The pharmaceutical sector is one of the largest sources of health expenditure in LAC (see Chapter 6). As medicines are a substantial financial burden for both governments and people, several areas are subject of policy concerns. In this context, the development of generic markets stands out as an opportunity to increase efficiency in pharmaceutical spending; but many countries do not fully exploit this potential. Underutilisation of generic drugs is a substantial source of waste. Although generics usually have comparable therapeutic effects as branded alternatives, typically they are significantly less expensive.

In seven LAC countries with data, the introduction of generics has been a challenge, for varying reasons. Figure 2.7 shows that on average, LAC countries have a larger proportion of generics in their markets (79%) compared to the OECD average (52%). However, it is important to note that the majority of these generics are branded generics (52%). Branded generics (or similares), like unbranded ones, are copies of off-patent products that are sold to the public using a trade name instead of, or in addition to, the name of the molecule. Their prices are usually higher than those of non-branded generics. In contrast, in OECD countries, branded or unbranded generics do not make a major cost difference, mainly because health systems provide coverage for them irrespective of this classification. In addition, in several LAC countries, not all generics are mandated to demonstrate therapeutic equivalence, and some regulatory agencies still need to be strengthened, which poses a quality challenge in the pharmaceutical markets of the region.
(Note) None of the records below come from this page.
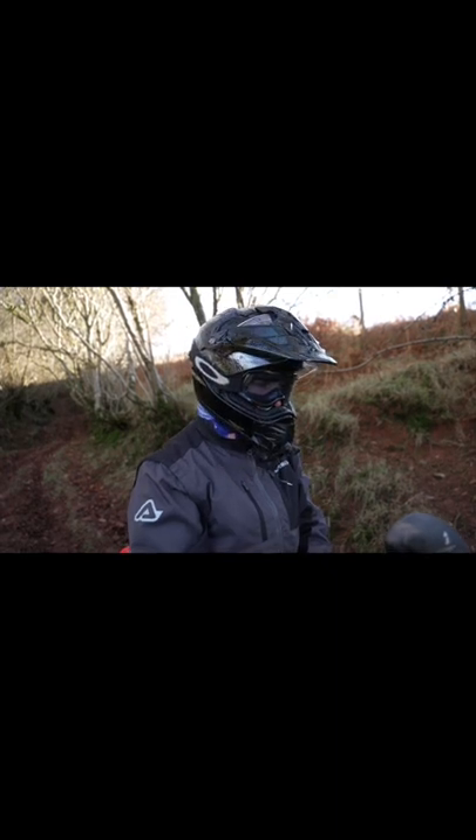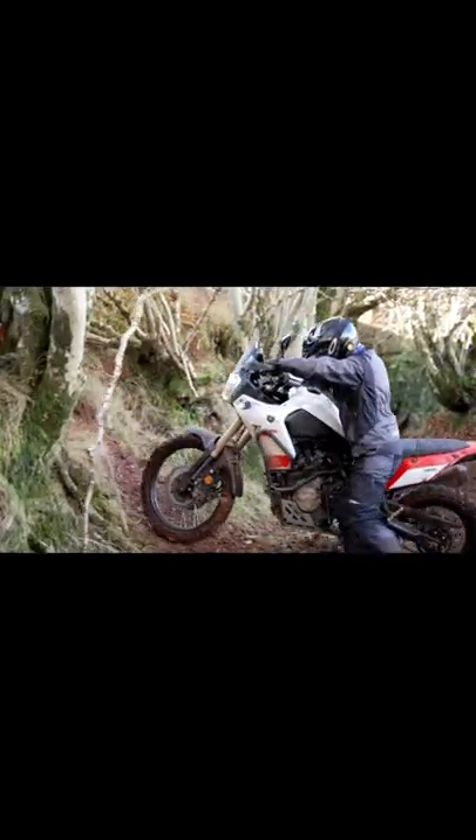If you ever find yourself having to turn around for a camera or on a trail you want to turn around on, you can use the terrain to your advantage. Motorbikes have forward power — they don't have reverse.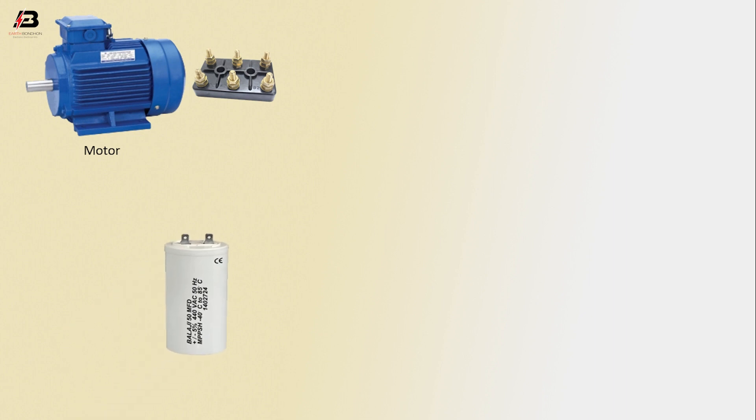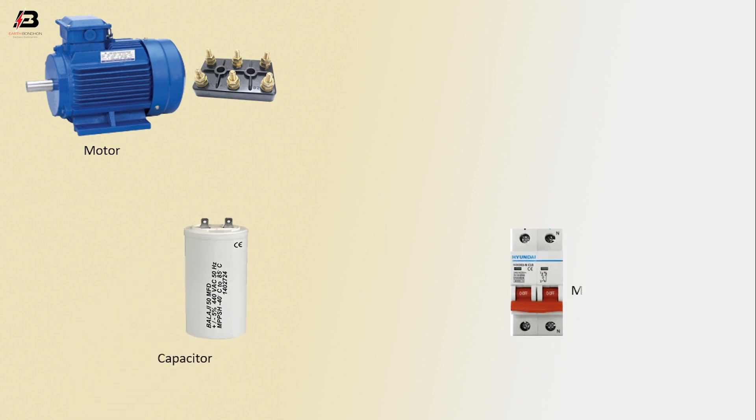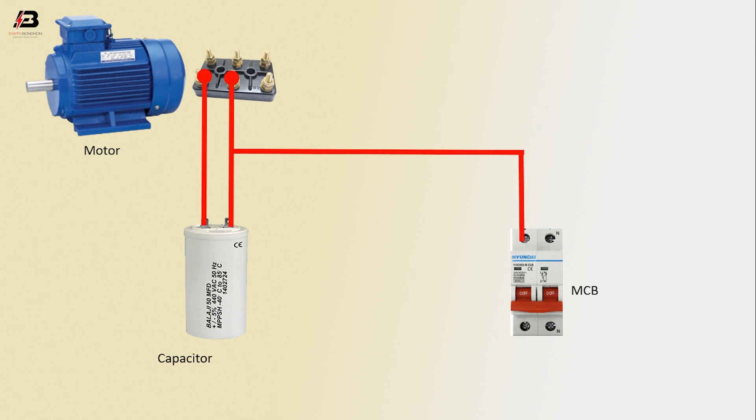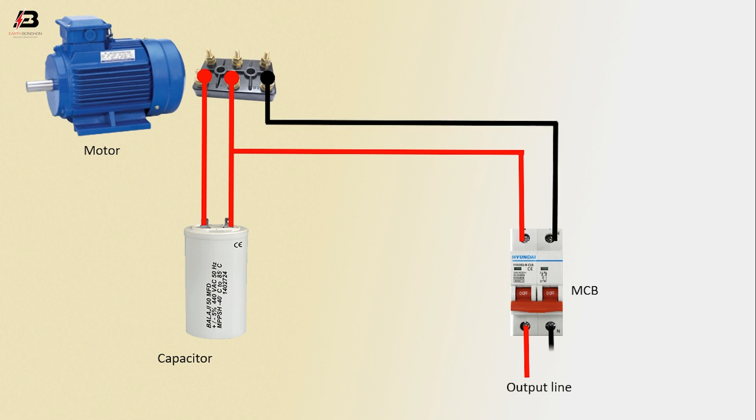So viewers, let's start. Motor capacitor, DP MCB circuit breaker — phase connection between capacitor and motor terminal, another connection between capacitor and motor terminal, and again connection to MCB. Neutral connection from MCB to connect to motor terminal.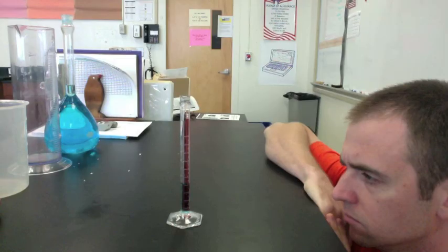With the graduated cylinder on a level surface, and you looking from eye level at the lowest point of the meniscus, it's time to take your reading. Use your scale and count the number of lines up or down from a point that you know.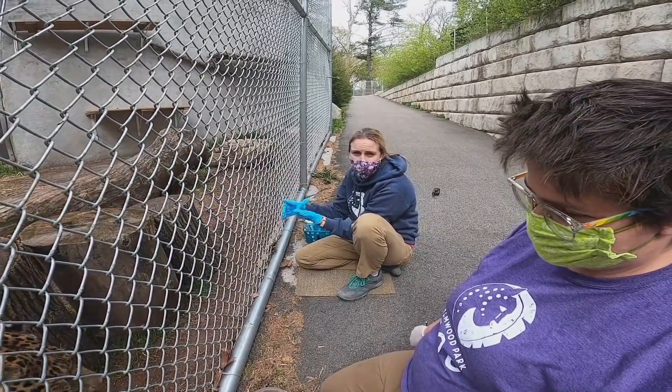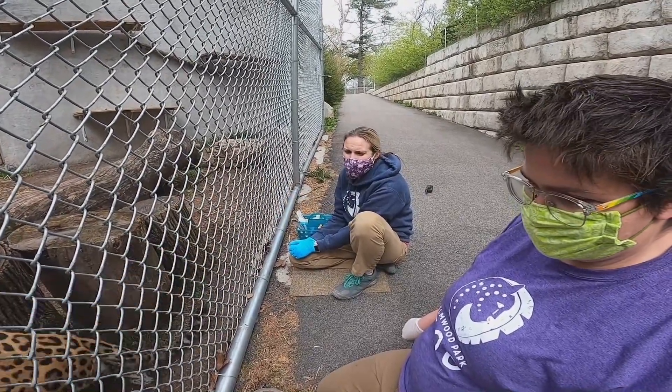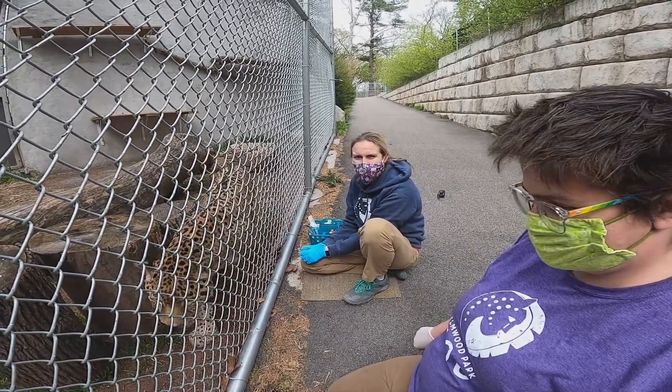He is allowed to leave this area at any time, so he does it all through choice. We do it through positive reinforcement, and that's how we're able to get blood on all three of our jaguars. So we'll see if Zian wants to work with us today.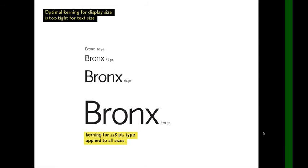But if I apply that kerning for the 128-point type to all the sizes, in the smaller sizes it gets way too tight. Our 16-point size is all crashing into each other. It looks good large, but way too tight small.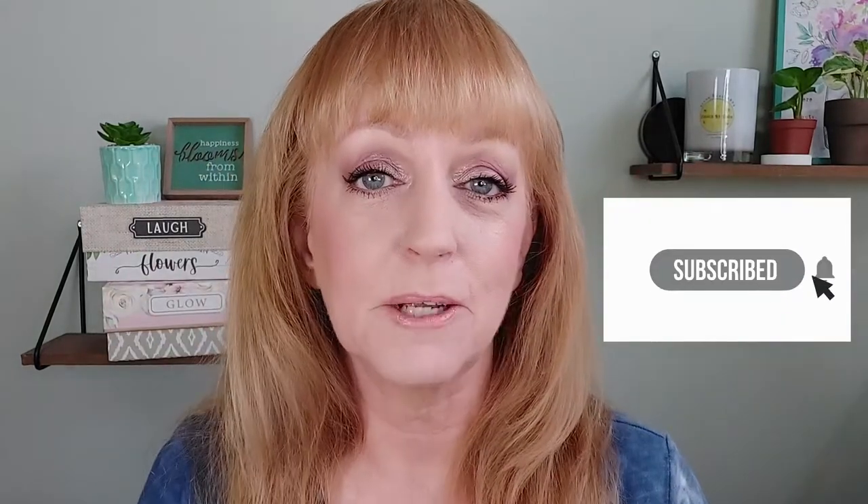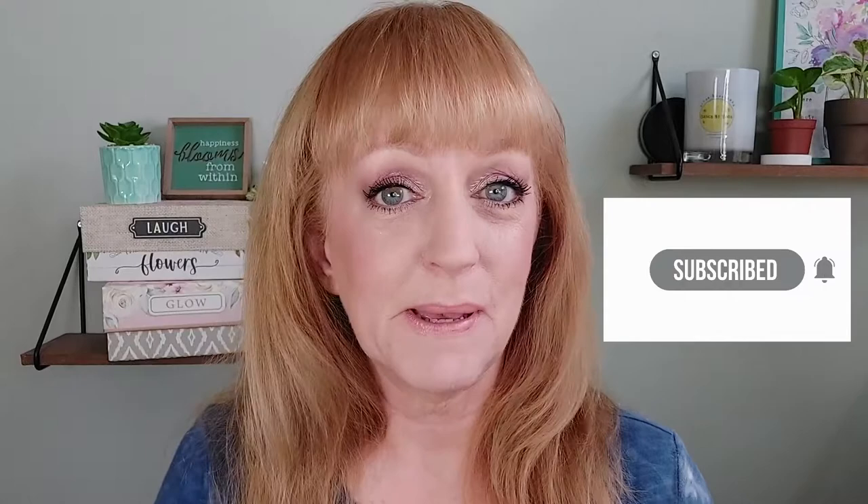I am wearing everything on my face that I'm going to talk about in this video. The look on my eyes I did for a collaboration video with my good friend Andy over at Andy Does Stuff, and I will have that linked in the description box below and as an end screen if you want to go see what I used to create this eye look. But let's get into my shopping, shall we?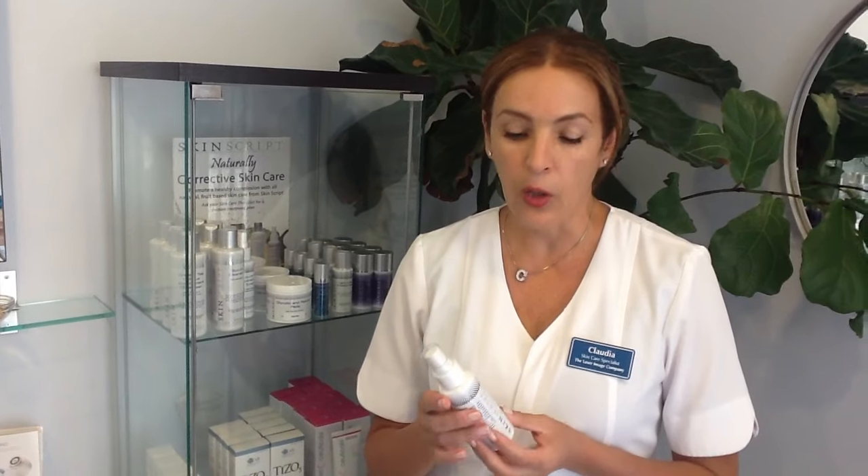This is a very good toner. After you cleanse your skin, you can use the spray bottle. You just spray and tap your skin, preparing for your next step.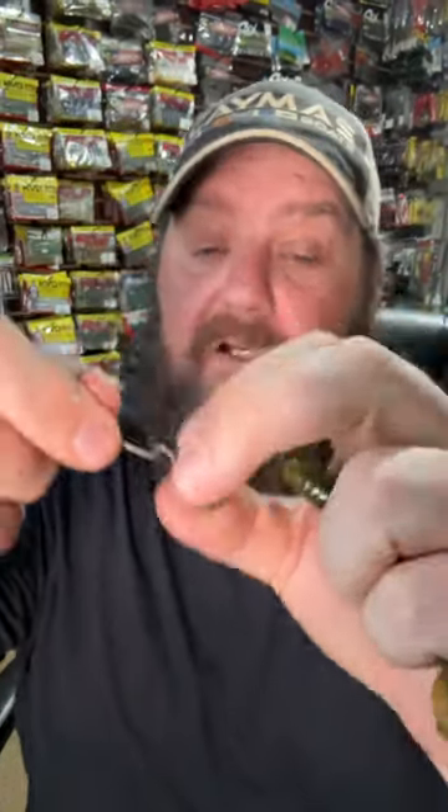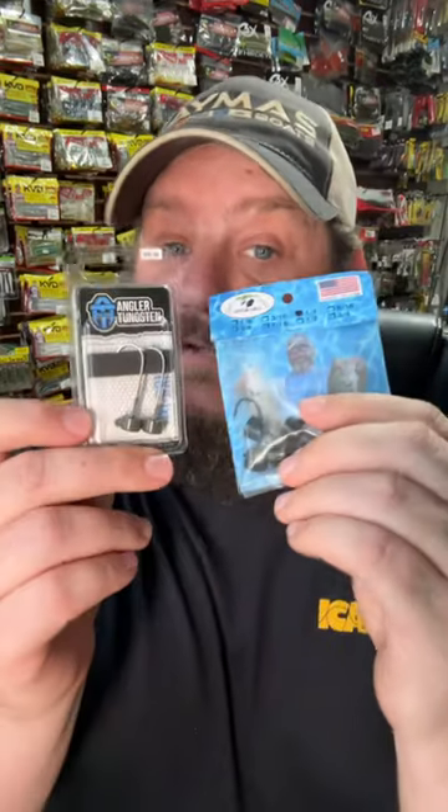Here's my top five spring baits for beginners. I love things that are weedless, like the wobble head — this head is made by Omega Tackle, and you can put any hook size in it. One of my favorite baits to use with it is the Rage Bug number four.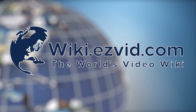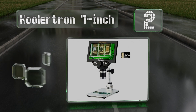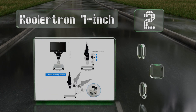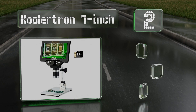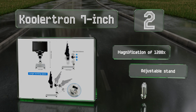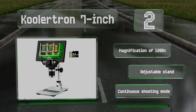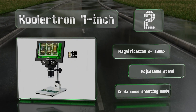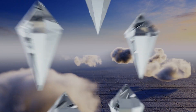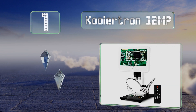At number two, the digital camera on the Cooler Tron 7 inch can capture high resolution images and videos that can be stored on the included 32 gigabyte micro SD card. It's powered by a lithium-ion battery that'll last for about four hours on a full charge. It offers a magnification of 1200 times and a continuous shooting mode, and it includes an adjustable stand.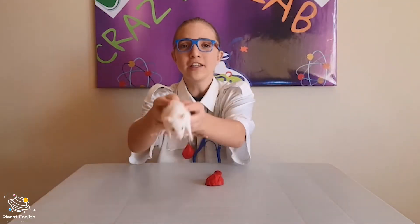Hello everyone and welcome back to the crazy science lab. My name is Dr. Istian and joining me today is Dr. Daisy. For this experiment you will need only a balloon and a running tap.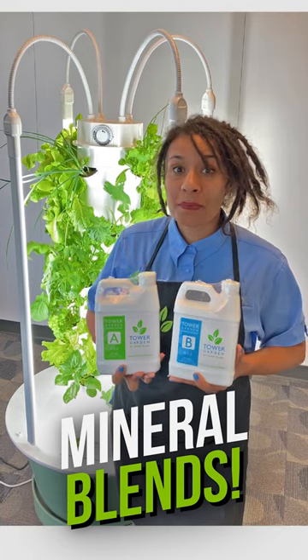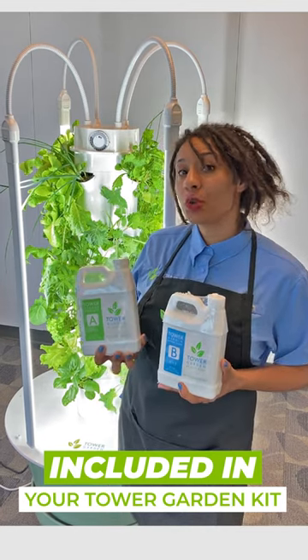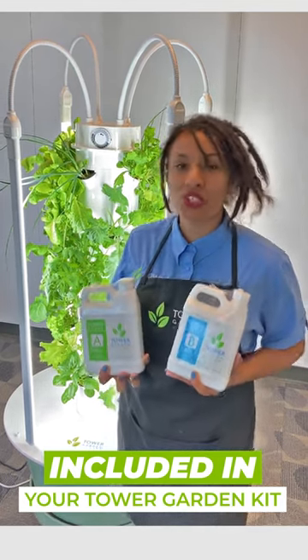Now this is a two-part system, Mineral Blend A and Mineral Blend B. Both of these combined will feed your plants. It's going to provide them all the nutrition that they need to grow up big and strong.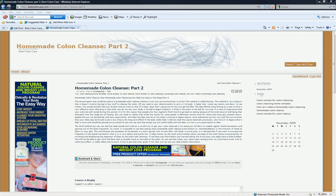Come to my blog at bestcoloncare.com. There are other resources there also to check out if you're having an issue. So take care.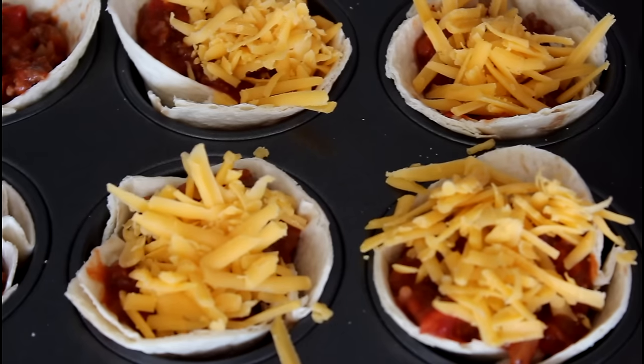And now it is time for the cheese. Apparently I forgot to turn on my camera when I added the meat sauce and the cheese on top, but you just take a spoonful of meat sauce and place it in there, and then some cheese on top.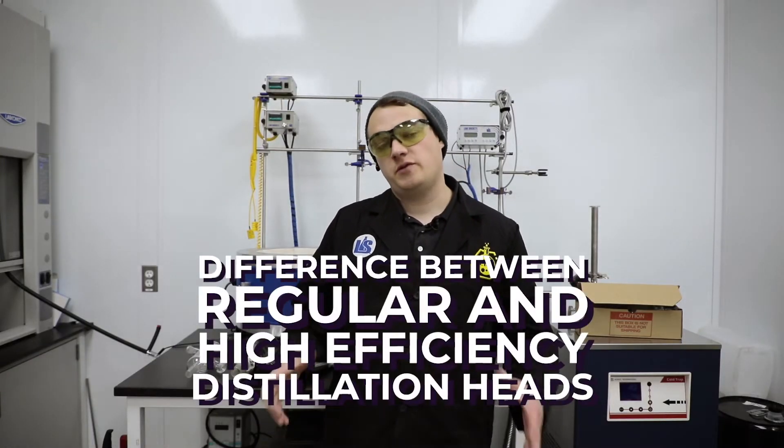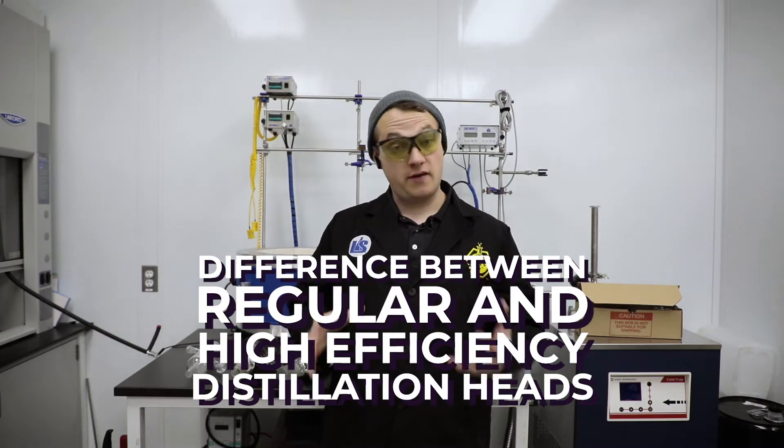Happy Wednesday! This is Mike here from Lab Society, and today we're going to talk about the difference between regular distillation heads and high-efficiency distillation heads.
In complement to the volume of generics in LAC markets, Figure 2.8 displays the value share of generic markets, which may be expressed, depending on the country, in terms of the turnover of pharmaceutical companies or the amount paid for pharmaceuticals by consumers. The value of generics as percentage of the total retail pharmaceutical market is higher in LAC countries than in the OECD (64% versus 25%), chiefly because of common use of branded generics (or similares), which typically have higher prices than unbranded generics. In general, this means that difference in prices between originator and generic medicines is smaller in LAC than in OECD countries. In line with these findings, a recent study by the Chilean National Economic Prosecutor found that profit margins obtained by pharmaceutical companies in Chile are higher for branded generics than for non-branded generics, which may be another reason for the larger presence of branded generics in LAC pharmaceutical markets. In addition, the study found that the population has a low trust in generics, meaning that this is another area to address from a policy point of view (FNE, 2019[26]).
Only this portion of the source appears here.